So there we have it, a modern-day Geheime Staatspolizei in the USA.

I wonder what lunacy will pop up next.


>"It's hard to have a debate about the reasonableness of the government's actions — or Lavabit's response, for that matter — when we don't know what we're debating."

I'd say that actually simplifies the situation quite nicely. It is unreasonable. Period. The end.


It's pure evil, not "unreasonable".

Not only you have to suffer from a person holding a gun, you also should not even try to ask for help. You are a hostage in the hands of an armed sadistic monster. That's what it is.


There's only one way to fix things: voting and participating in a political process. You solve nothing by calling government a sadistic monster. The fact that each new politician elected turns out to be a scumbag and nothing really changes, doesn't mean there's a better way to run society than a democracy. The fact that they use everyone's tax money to kill and detain innocent people all over the world and spy on everyone doesn't really mean it's a bad system. You know, the world is not all black and white, you radical.


I can't believe this post was downvoted. The sarcasm in the last sentence ought to have been obvious to all.


>you radical

I wonder how words like "socialist", "radical", or "reactionary" become insults. are these trends cyclical like fashion and seasons or perhaps not accurately predictable like day-to-day weather?

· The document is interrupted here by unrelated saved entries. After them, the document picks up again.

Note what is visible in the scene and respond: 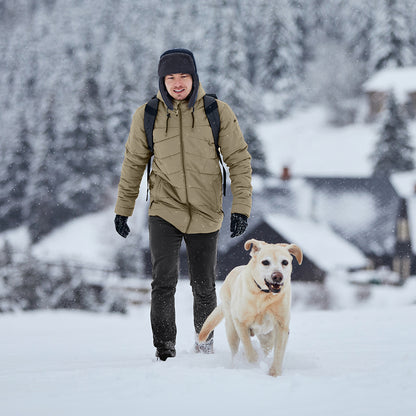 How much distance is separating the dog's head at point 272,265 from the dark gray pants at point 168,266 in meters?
0.55

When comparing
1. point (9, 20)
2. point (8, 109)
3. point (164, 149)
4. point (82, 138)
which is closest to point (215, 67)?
point (82, 138)

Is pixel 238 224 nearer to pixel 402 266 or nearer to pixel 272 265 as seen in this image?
pixel 272 265

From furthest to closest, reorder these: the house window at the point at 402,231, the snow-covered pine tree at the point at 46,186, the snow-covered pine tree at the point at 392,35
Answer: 1. the snow-covered pine tree at the point at 46,186
2. the snow-covered pine tree at the point at 392,35
3. the house window at the point at 402,231

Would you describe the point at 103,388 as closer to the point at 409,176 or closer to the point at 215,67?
the point at 409,176

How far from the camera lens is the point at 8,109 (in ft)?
111

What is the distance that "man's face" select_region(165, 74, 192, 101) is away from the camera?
3.51 metres

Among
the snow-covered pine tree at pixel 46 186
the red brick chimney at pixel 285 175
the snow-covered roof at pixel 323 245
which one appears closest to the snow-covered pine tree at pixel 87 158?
the snow-covered pine tree at pixel 46 186

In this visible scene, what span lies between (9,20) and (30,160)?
43.0ft

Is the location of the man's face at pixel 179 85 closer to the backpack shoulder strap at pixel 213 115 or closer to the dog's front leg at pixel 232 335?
the backpack shoulder strap at pixel 213 115

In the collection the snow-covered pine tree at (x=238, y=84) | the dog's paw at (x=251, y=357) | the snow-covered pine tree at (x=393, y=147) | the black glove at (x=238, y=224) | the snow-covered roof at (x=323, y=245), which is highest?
the snow-covered pine tree at (x=238, y=84)

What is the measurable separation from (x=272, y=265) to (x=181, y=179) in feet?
2.94

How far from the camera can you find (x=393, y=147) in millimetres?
27344

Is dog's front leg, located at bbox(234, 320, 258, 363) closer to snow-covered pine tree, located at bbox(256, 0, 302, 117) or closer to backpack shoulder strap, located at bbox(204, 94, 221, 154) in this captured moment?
backpack shoulder strap, located at bbox(204, 94, 221, 154)

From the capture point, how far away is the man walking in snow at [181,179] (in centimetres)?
351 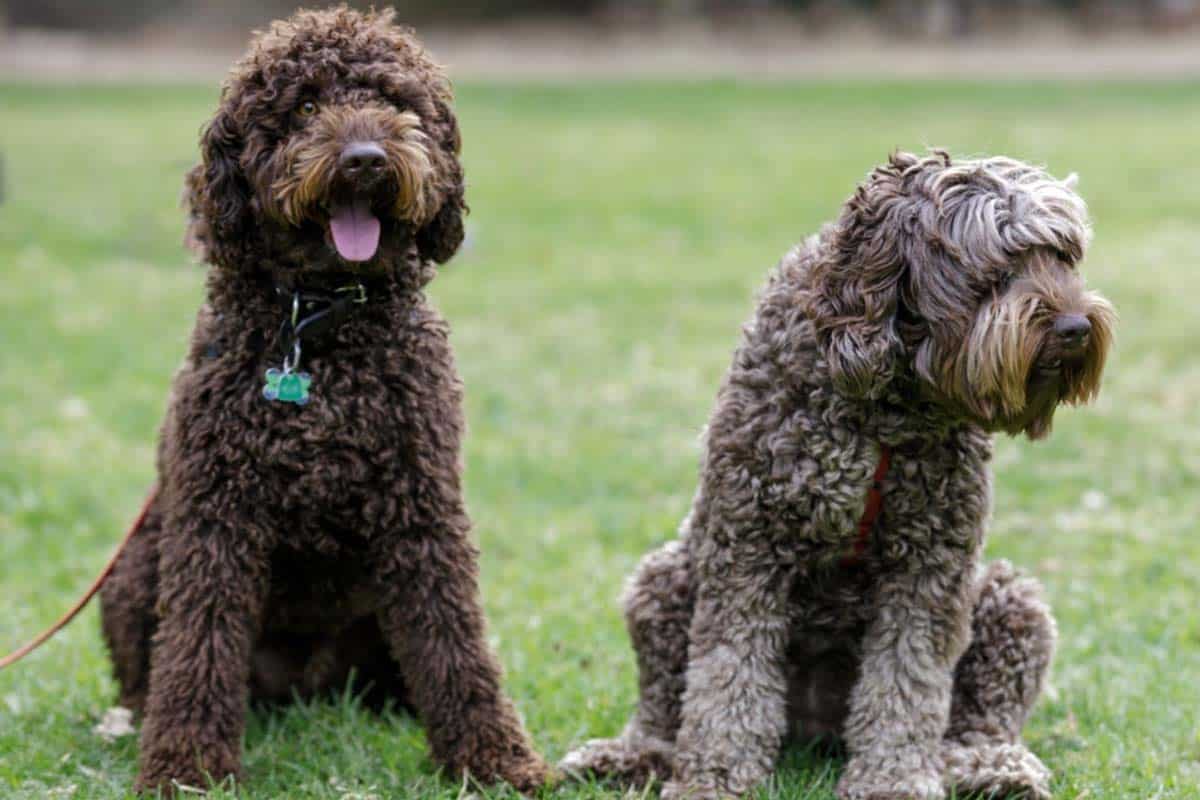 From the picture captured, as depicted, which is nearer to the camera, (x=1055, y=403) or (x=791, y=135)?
(x=1055, y=403)

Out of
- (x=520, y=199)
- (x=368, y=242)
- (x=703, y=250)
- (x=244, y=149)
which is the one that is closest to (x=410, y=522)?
(x=368, y=242)

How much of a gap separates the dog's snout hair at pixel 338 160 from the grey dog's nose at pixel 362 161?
0.01m

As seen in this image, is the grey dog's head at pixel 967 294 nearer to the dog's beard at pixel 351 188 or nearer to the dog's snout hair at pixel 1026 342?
the dog's snout hair at pixel 1026 342

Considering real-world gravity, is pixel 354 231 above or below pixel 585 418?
above

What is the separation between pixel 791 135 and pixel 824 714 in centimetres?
1979

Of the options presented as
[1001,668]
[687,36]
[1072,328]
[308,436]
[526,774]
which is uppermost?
[687,36]

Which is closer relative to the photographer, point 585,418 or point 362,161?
point 362,161

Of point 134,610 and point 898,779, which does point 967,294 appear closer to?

Reactionary has always been an insult.


If you are referring to its origins in the French Revolution, then you could say the same for "conservative" and "right." I personally don't consider any of the aforementioned terms as derogatory. They are sometimes useful categorizations of views on specific topics.

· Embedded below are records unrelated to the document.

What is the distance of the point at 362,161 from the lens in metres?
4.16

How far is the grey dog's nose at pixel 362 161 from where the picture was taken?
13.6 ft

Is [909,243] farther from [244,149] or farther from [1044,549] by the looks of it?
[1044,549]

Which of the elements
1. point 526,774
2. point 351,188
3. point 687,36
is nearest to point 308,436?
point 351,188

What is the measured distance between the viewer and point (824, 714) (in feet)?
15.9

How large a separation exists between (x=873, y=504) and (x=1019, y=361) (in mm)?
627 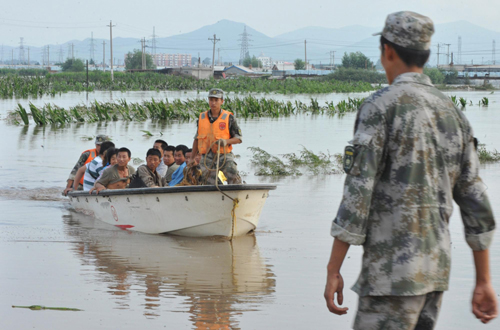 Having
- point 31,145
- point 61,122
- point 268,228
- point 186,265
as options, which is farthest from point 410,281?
point 61,122

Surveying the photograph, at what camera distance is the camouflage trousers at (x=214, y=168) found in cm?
897

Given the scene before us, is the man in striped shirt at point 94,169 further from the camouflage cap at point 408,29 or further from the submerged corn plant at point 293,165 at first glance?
the camouflage cap at point 408,29

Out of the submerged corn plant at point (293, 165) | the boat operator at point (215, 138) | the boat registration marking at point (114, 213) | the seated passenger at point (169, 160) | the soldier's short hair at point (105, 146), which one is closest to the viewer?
the boat operator at point (215, 138)

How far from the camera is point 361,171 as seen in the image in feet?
8.19

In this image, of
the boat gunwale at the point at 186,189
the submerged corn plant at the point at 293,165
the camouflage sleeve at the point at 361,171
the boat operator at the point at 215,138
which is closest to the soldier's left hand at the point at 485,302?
the camouflage sleeve at the point at 361,171

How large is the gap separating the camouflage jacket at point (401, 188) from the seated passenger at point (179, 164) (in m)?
7.19

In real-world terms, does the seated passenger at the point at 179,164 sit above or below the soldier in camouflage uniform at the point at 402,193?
below

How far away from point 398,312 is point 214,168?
6614 mm

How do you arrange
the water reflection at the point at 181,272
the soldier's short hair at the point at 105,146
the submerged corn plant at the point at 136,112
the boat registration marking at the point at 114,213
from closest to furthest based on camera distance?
the water reflection at the point at 181,272, the boat registration marking at the point at 114,213, the soldier's short hair at the point at 105,146, the submerged corn plant at the point at 136,112

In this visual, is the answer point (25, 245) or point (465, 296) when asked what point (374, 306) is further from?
point (25, 245)

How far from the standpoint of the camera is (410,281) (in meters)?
2.53

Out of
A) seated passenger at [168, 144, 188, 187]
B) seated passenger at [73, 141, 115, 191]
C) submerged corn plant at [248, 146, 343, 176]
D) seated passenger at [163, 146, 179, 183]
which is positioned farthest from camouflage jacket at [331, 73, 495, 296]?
submerged corn plant at [248, 146, 343, 176]

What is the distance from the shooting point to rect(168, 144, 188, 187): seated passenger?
9672mm

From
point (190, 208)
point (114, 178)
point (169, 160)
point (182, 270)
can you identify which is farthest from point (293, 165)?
point (182, 270)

I don't think anyone has characterized their own views as "reactionary" unless it was part of a self-deprecating joke, sarcasm, or rhetorical flourish. It's like Chauvinism - implying that you are a thoughtless defender of something.


You've obviously never read any Mencius Moldbug [1].

[1] http://unqualified-reservations.blogspot.com


Downvoters didn't notice sarcasm.


Or thought that he was using sarcasm to register opinions that would have been better supported by actual arguments.


There is one argument only: violence is being hidden under lies that supposedly justify it without any proof. Therefore it's evil. The ideas of government, democracy, monarchy and obedience to the pope are all evil for one simple reason: those who invested in them want you to blindly believe "it's for your own good" while instead of peacefully arguing with you, they bully and threaten.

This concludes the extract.